# Listed entries
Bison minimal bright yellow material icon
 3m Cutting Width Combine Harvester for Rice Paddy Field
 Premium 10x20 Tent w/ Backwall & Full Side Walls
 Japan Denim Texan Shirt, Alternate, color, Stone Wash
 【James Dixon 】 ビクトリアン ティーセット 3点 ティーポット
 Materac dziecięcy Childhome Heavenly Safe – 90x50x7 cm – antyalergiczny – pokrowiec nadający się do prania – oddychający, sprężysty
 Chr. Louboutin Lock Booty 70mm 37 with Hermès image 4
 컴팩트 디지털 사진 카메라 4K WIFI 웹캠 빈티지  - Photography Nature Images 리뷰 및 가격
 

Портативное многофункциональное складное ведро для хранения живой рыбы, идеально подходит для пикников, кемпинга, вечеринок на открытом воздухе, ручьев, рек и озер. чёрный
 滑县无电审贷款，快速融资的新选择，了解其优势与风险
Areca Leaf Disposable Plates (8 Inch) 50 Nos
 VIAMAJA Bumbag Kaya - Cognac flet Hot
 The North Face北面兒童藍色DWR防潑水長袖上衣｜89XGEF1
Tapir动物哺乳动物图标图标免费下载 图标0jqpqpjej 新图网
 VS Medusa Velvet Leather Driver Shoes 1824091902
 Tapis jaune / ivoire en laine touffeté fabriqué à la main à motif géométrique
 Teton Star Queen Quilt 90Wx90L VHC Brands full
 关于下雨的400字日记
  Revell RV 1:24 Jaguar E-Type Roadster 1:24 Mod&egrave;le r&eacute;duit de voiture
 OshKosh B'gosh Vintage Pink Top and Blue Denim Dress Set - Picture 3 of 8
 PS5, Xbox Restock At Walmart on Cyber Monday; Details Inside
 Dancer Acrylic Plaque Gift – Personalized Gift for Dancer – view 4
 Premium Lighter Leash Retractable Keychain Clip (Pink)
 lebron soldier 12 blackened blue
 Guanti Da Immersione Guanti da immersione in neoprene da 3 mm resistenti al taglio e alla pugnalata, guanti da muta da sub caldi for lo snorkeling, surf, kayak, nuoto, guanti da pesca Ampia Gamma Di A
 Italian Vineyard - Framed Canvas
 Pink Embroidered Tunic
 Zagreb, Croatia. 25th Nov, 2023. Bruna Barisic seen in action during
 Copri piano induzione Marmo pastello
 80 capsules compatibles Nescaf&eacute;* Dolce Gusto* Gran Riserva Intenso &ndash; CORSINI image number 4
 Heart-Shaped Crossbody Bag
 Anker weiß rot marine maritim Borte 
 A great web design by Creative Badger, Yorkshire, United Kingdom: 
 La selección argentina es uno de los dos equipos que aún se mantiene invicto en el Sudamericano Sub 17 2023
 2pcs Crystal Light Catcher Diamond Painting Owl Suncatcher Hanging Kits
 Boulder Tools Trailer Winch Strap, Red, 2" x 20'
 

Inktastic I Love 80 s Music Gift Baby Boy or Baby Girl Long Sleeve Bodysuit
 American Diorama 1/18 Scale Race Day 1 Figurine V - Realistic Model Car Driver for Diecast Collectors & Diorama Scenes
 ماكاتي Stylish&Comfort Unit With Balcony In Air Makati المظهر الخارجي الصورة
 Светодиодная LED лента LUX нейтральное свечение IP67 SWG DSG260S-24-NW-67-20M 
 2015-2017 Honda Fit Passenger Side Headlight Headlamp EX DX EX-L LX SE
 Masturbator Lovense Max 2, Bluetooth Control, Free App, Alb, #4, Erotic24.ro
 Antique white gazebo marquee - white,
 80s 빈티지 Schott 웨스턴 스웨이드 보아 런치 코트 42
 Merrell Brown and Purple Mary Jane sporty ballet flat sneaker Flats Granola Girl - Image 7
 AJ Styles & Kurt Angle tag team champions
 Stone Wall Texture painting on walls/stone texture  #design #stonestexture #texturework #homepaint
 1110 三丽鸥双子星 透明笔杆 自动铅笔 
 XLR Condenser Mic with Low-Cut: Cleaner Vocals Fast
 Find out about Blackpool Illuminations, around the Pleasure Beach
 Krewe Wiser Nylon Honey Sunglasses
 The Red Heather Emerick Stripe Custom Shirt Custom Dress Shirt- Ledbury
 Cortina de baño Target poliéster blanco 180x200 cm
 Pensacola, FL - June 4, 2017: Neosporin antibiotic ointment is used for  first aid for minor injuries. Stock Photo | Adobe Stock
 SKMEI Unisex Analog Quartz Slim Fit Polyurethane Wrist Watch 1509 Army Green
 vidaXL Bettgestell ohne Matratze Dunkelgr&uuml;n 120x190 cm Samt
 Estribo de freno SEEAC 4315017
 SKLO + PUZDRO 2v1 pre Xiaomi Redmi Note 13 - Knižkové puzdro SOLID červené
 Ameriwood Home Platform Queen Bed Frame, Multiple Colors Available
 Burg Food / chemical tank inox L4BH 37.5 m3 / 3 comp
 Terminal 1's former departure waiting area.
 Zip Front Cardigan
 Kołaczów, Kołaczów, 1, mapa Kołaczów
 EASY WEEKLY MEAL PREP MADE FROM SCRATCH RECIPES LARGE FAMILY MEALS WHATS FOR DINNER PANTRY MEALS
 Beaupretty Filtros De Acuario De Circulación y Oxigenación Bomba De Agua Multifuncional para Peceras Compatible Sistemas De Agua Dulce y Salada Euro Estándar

# Activity
Answer with a number only: how many lines above include the word "design"?

# Task solution
2